Fixing UDP compression was definitely on the list of TODOs.

So there are a few options:

1) Expand the compressed range to 256 ports (the encoding lengths for the ports are then 2, 3, or 4 bytes).

2) When compressing only one port, add a 4-bit pad as you suggest. However, I would rather add the 4-bit pad to be with the 4-bit compressed port and keep the 16-bit uncompressed port byte-aligned (the encoding options would be 1, 3, or 4 bytes).

3) A hybrid of the two: When only one port is compressed, the compressed form is 8 bits (don't waste the 4 bits on padding). But when both ports are compressed, both only 4 bits.
00 - Neither source nor dest are compressed
01 - Source port uncompressed, dest port 8 bits.
10 - Source port 8 bits, dest port uncompressed
11 - Source port 4 bits, dest port 4 bits.
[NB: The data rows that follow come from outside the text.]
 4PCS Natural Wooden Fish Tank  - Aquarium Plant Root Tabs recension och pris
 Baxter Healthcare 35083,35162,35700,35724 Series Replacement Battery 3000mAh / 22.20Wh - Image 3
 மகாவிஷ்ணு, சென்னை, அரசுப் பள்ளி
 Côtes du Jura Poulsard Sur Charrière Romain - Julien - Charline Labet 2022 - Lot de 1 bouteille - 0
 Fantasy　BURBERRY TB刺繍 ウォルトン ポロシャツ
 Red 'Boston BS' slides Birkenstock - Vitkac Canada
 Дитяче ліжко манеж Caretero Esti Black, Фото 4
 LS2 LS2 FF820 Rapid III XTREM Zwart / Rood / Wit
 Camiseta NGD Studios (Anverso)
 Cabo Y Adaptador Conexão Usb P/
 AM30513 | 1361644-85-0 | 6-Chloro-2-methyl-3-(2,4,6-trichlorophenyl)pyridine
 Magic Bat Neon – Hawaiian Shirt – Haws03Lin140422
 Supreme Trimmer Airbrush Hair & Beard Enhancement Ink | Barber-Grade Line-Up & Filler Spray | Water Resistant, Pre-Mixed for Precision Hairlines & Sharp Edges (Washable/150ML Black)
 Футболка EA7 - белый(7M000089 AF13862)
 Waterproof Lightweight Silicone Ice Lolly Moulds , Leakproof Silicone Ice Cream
Basic question to ask the group is if compressing both source and dest ports to 4 bits simultaneously useful?

--
Jonathan Hui



On Oct 8, 2008, at 2:22 AM, Julien Abeille (jabeille) wrote:

Hi Jonathan, all,

one comment regarding hc-01 LOWPAN_UDP encoding
for now source and destination ports compression are splitted. It means if only one of them is compressed, the UDP compressed fields will be 36 bits long (4bits port + 16 bits port + checksum). We lose byte alignment this way.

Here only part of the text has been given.